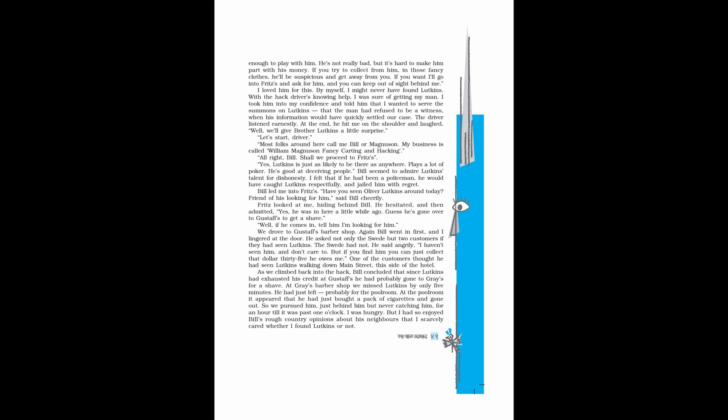I loved him for this. By myself, I might never have found Lutkins. With the hack driver's knowing help, I was sure of getting my man. I took him into my confidence and told him that I wanted to serve the summons on Lutkins, that the man had refused to be a witness when his information would have quickly settled our case. The driver listened earnestly. At the end, he hit me on the shoulder and laughed. Well, we'll give brother Lutkins a little surprise. Let's start, driver. Most folks around here call me Bill or Magnuson. My business is called William Magnuson Fancy Carting and Hacking. Alright, Bill. Shall we proceed to Fritz's? Yes. Lutkins is just as likely to be there as anywhere. Plays a lot of poker. He's good at deceiving people. Bill seemed to admire Lutkins' talent for dishonesty. I felt that if he had been a policeman, he would have caught Lutkins respectfully and jailed him with regret. Bill led me into Fritz's. Have you seen Oliver Lutkins around today? Friend of his looking for him, said Bill cheerily. Fritz looked at me hiding behind Bill. He hesitated and then admitted, yes, he was in here a little while ago. Guess he's gone over to Gustav's to get a shave. Well, if he comes in, tell him I'm looking for him. We drove to Gustav's barber shop. Again Bill went in first, and I lingered at the door. He asked not only the Swede but the customers if they had seen Lutkins. The Swede had not. He said angrily, I haven't seen him and don't care to. But if you find him, you can just collect that $35 he owes me. One of the customers thought he had seen Lutkins walking down Main Street, this side of the hotel. As we climbed back into the hack, Bill concluded that since Lutkins had exhausted his credit at Gustav's, he had probably gone to Gray's for a shave. At Gray's barber shop, we missed Lutkins by only five minutes. He had just left, probably for the pool room. At the pool room it appeared that he had just bought a pack of cigarettes and gone out. So we pursued him, just behind him but never catching him, for an hour till it was past one o'clock.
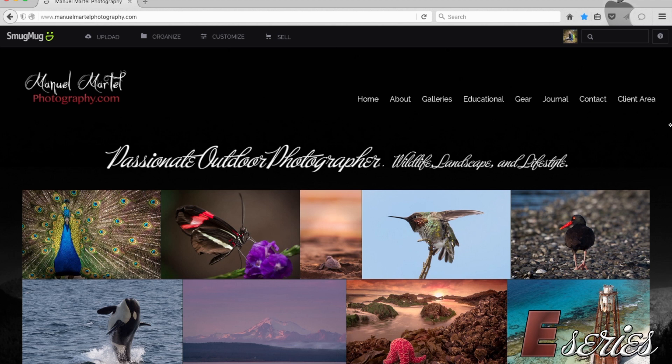Hi guys! Today I want to give you five tips to customize your own personal website with SmugMug. I want to use my personal website to show you guys how I did it.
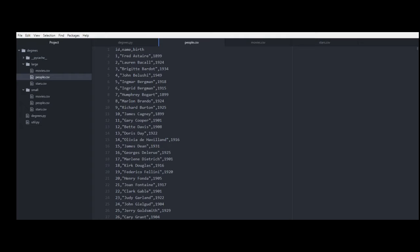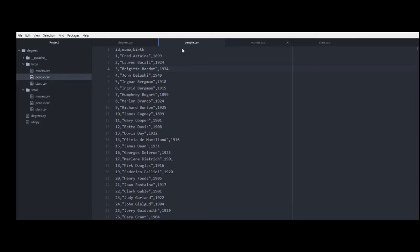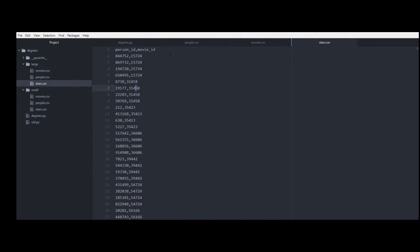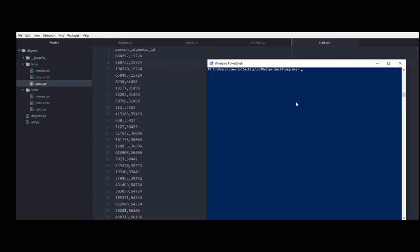There is one CSV file with the id of the actors and another with the movie's id. The third CSV contains the actor id and the id of each movie they participated in. So there is a connection between two actors if they participated in the same movie.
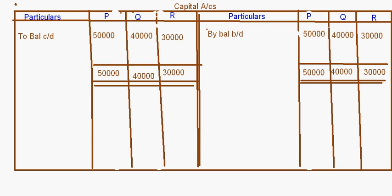Next come the Capital Accounts. Here the capital accounts are fixed — no additional capital is introduced by partners, so no entries are needed. The opening balance brought down is ₹50,000 for P, ₹40,000 for Q, and ₹30,000 for R, and at the end of the year the same amounts are carried down.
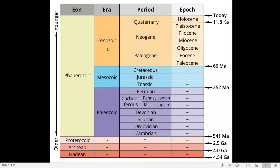There are two Eons. The first Eon ranges from 4600 million years to 541 million years of age, which is known as the Cryptozoic Eon. It is the Eon which has no life forms or no evident life. It contains the Hadean, Archean, and Proterozoic, which are collectively known as the Pre-Cambrian. The Eon from 541 million years to the present is known as the Phanerozoic Eon, or the Eon of Evident Life.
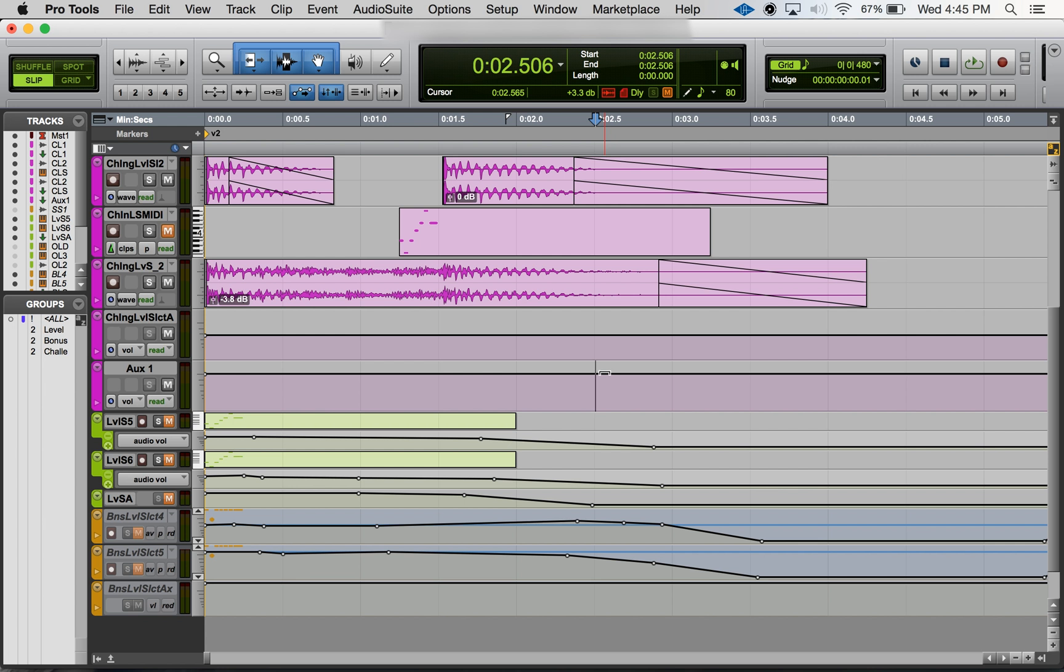In Pro Tools we have a bunch of keyboard shortcuts that we use to be more efficient, be faster, improve our workflow. We have longer keyboard shortcuts for a given function, and then a lot of times we also have a shorter keyboard shortcut for the same function.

--------------------------------------------------

Your goal:
Once more, please print the whole listing exactly, omitting each image.

The completed task:
I loved him for this. By myself, I might never have found Lutkins. With the hack driver's knowing help, I was sure of getting my man. I took him into my confidence and told him that I wanted to serve the summons on Lutkins, that the man had refused to be a witness when his information would have quickly settled our case. The driver listened earnestly. At the end, he hit me on the shoulder and laughed. Well, we'll give brother Lutkins a little surprise. Let's start, driver. Most folks around here call me Bill or Magnuson. My business is called William Magnuson Fancy Carting and Hacking. Alright, Bill. Shall we proceed to Fritz's? Yes. Lutkins is just as likely to be there as anywhere. Plays a lot of poker. He's good at deceiving people. Bill seemed to admire Lutkins' talent for dishonesty. I felt that if he had been a policeman, he would have caught Lutkins respectfully and jailed him with regret. Bill led me into Fritz's. Have you seen Oliver Lutkins around today? Friend of his looking for him, said Bill cheerily. Fritz looked at me hiding behind Bill. He hesitated and then admitted, yes, he was in here a little while ago. Guess he's gone over to Gustav's to get a shave. Well, if he comes in, tell him I'm looking for him. We drove to Gustav's barber shop. Again Bill went in first, and I lingered at the door. He asked not only the Swede but the customers if they had seen Lutkins. The Swede had not. He said angrily, I haven't seen him and don't care to. But if you find him, you can just collect that $35 he owes me. One of the customers thought he had seen Lutkins walking down Main Street, this side of the hotel. As we climbed back into the hack, Bill concluded that since Lutkins had exhausted his credit at Gustav's, he had probably gone to Gray's for a shave. At Gray's barber shop, we missed Lutkins by only five minutes. He had just left, probably for the pool room. At the pool room it appeared that he had just bought a pack of cigarettes and gone out. So we pursued him, just behind him but never catching him, for an hour till it was past one o'clock.
Hi guys! Today I want to give you five tips to customize your own personal website with SmugMug. I want to use my personal website to show you guys how I did it.
There is one CSV file with the id of the actors and another with the movie's id. The third CSV contains the actor id and the id of each movie they participated in. So there is a connection between two actors if they participated in the same movie.
Next come the Capital Accounts. Here the capital accounts are fixed — no additional capital is introduced by partners, so no entries are needed. The opening balance brought down is ₹50,000 for P, ₹40,000 for Q, and ₹30,000 for R, and at the end of the year the same amounts are carried down.
There are two Eons. The first Eon ranges from 4600 million years to 541 million years of age, which is known as the Cryptozoic Eon. It is the Eon which has no life forms or no evident life. It contains the Hadean, Archean, and Proterozoic, which are collectively known as the Pre-Cambrian. The Eon from 541 million years to the present is known as the Phanerozoic Eon, or the Eon of Evident Life.
In Pro Tools we have a bunch of keyboard shortcuts that we use to be more efficient, be faster, improve our workflow. We have longer keyboard shortcuts for a given function, and then a lot of times we also have a shorter keyboard shortcut for the same function.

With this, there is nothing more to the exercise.